Georgia law allows you to seek a number of remedies if you are the victim of a breach of contract. Typically, these remedies involve money being transferred to you from the defendant. However, it’s also possible that the other party to the contract will be required to provide the goods or services described in the contract.
Possible financial remedies
If a contract is breached, business law says that you may receive payment for any actual losses that you incurred. For instance, if you paid $500 for a good that was never delivered, you would be entitled to $500. You could also receive punitive damages in excess of what you paid in an effort to punish the defendant for an especially heinous breach.

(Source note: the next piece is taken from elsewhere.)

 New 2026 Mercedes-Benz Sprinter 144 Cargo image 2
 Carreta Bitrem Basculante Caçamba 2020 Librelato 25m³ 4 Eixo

Finally, liquidated damages are negotiated as part of the contract, which means that you’ll receive a fixed sum in the event of a breach.
When money isn’t enough
There are times when simply receiving a financial award isn’t enough to fix the problem that the defendant created. For instance, say that you ordered a product from the only company that is capable of producing it. In such a scenario, that company may be ordered to follow through on its promise to you. It is also possible that the contract will simply be canceled if there is no chance that the defendant will be able to meet their obligations.
Whether a breach of contract is intentional or not, you have the right to seek relief if one occurs. In addition to taking a defendant to court, it may be possible to resolve a dispute through mediation or other means. Depending on the severity of the breach, it may be fixed simply by renegotiating the deal or giving the defendant another chance to meet their obligations.